CourtDistrict Court, M.D. North Carolina
DecidedFebruary 28, 2022
Docket1:20-cv-00134
StatusUnknown

This text of JAMES v. RPS HOLDINGS, LLC (JAMES v. RPS HOLDINGS, LLC) is published on Counsel Stack Legal Research, covering District Court, M.D. North Carolina primary law. Counsel Stack provides free access to over 12 million legal documents including statutes, case law, regulations, and constitutions.

Bluebook
JAMES v. RPS HOLDINGS, LLC, (M.D.N.C. 2022).

Opinion

IN THE UNITED STATES DISTRICT COURT FOR THE MIDDLE DISTRICT OF NORTH CAROLINA SIOBHAN JAMES, et al., ) ) Plaintiffs, ) ) v. ) 1:20CV134 ) RPS HOLDINGS, LLC, ) ) Defendant. ) MEMORANDUM OPINION AND ORDER This case comes before the Court on the “Verified Motion for Stay with Incorporated Memorandum of Law” (Docket Entry 50 (the “Motion to Stay”)) by RPS Holdings, LLC (the “Defendant”). For the reasons that follow, the Court will grant the Motion to Stay. BACKGROUND The Court’s most recent memorandum opinion and order (the “Order”) sets out the full background of this case. See James v. RPS Holdings, LLC, No. 20CV134, 2021 WL 5889479, at *1–5 (M.D.N.C. Dec. 13, 2021) (unpublished), appeal docketed, No. 22-1027 (4th Cir. Jan. 7, 2022).
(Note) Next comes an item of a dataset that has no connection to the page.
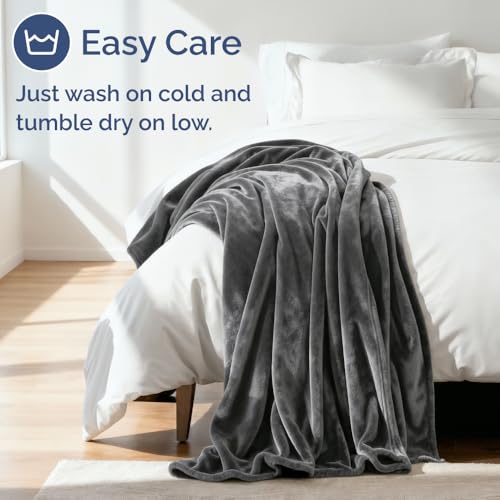 Ultra Soft Fleece Blanket Throw Size - Flannel Fleece Luxury Throw Blanket - Lightweight for Couch Bed Chair - Thick, Warm and Breathable - All Season Cozy Anti-Static Microplush Bedding, Dark Grey - color: 11 - Dark Grey, size: Throw (50" x 60")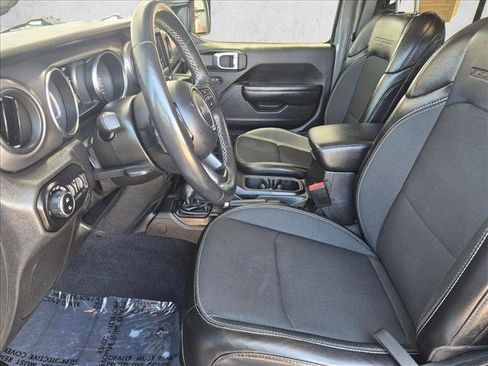Used 2021 Jeep Gladiator Sport AWD/4WD image 11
By way of brief summary, Siobhan James (the “Plaintiff”) initiated this action asserting, among other claims, violations of the Fair Labor Standards Act (“FLSA”). (See id. at *1.) In particular, Plaintiff has alleged that Defendant misclassified her as an independent contractor during the time she worked at Capital Cabaret, an establishment that Defendant operates in Morrisville, North Carolina. (See id.) Plaintiff also sought to maintain this action on behalf of a “proposed collective (*‘Putative Plaintiffs’) [including] ‘[aJll individuals who were, are, or will be employed at .. . Capital Cabaret gentleman’s club as exotic dancers and who were classified as independent contractors at any time three years prior to the commencement of this action, through the present.’” (Id. at *4 (ellipsis and second set of brackets in original).) To that end, and pursuant to the FLSA, Plaintiff moved to conditionally certify this matter as a collective action and sought court-authorized notice to Putative Plaintiffs. (See id. at *3-4 (describing Docket Entry 35 (the “Certification Motion”)).)+ Defendant opposed the Certification Motion and moved to compel arbitration (or, alternatively, stay judicial proceedings) on the grounds that Plaintiff had signed a written arbitration agreement (the “Agreement”) barring her claims in this forum. (See id. at *5 (referencing Docket Entry 41 (the “Arbitration Motion”)).)* Via the Order, the Court (per the undersigned United States Magistrate Judge) denied the Arbitration Motion (see id. at *10) and granted in part and denied in part the Certification Motion

1 As explained in the Order, “the statute of limitations [under the FLSA] continues to run until a claimant affirmatively opts in to the lawsuit” (id. at *11 (internal quotation marks omitted)). 2 In support of the Arbitration Motion, Defendant tendered the Agreement (see id. at *5 & n.4), which identified its Signatories as “S. James” and “Cap Cab” (id. at *1).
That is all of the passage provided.